Exercise directions: Leaving out all pictures, restate word for word the lines from the one with "FX 3-Stage Hand Pump" through the last line of the entries.

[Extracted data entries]
******************************

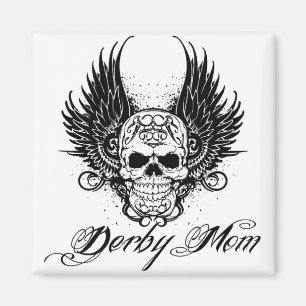 Imã Mamã de Derby!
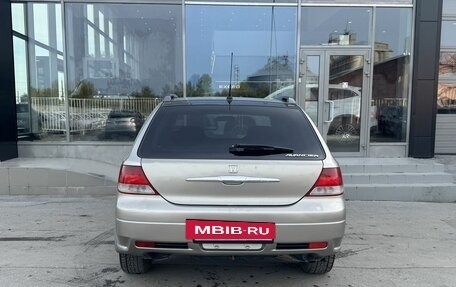 Honda Avancier I рестайлинг, 1999 год, 420 000 рублей, 6 фотография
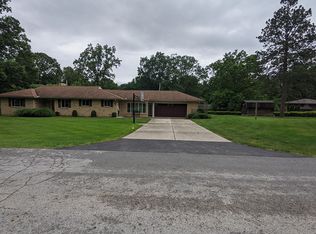 4829 Forest Dr, Springfield, OH 45506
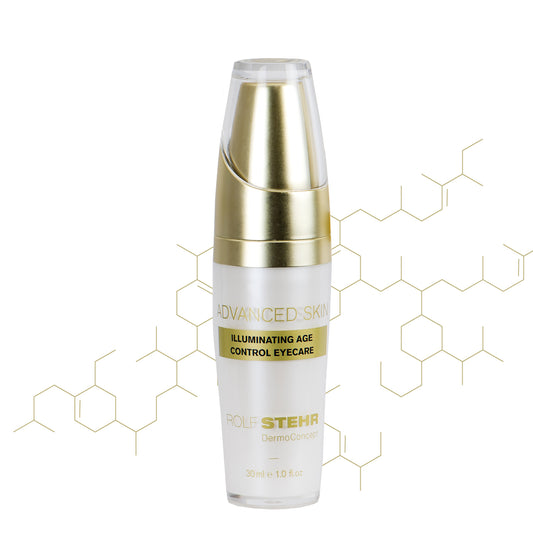Illuminating Age Control Eyecare <br> Advanced Skin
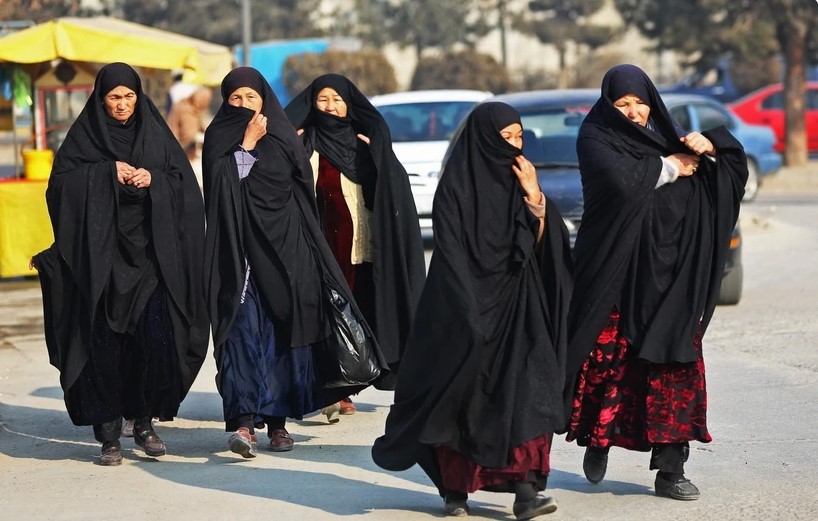 taliban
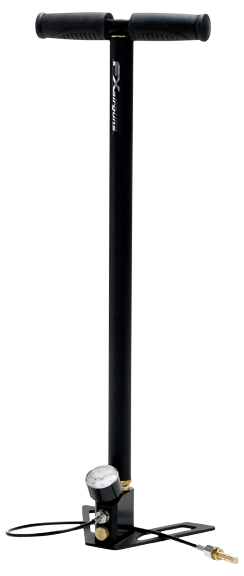 FX 3-Stage Hand Pump
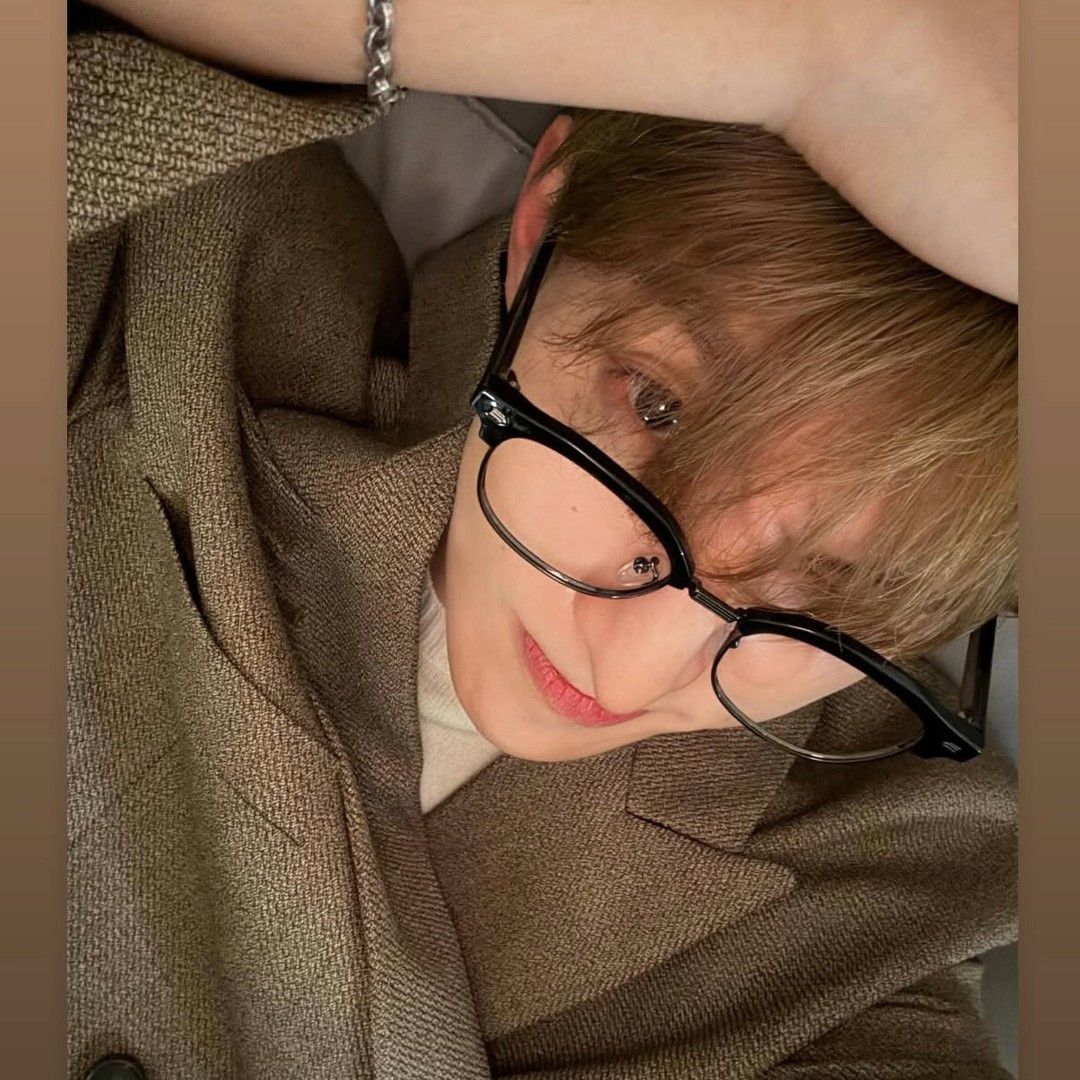 Behind-the-scenes cut of DK (SEVENTEEN)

******************************

Response to the exercise:
 FX 3-Stage Hand Pump
 Behind-the-scenes cut of DK (SEVENTEEN)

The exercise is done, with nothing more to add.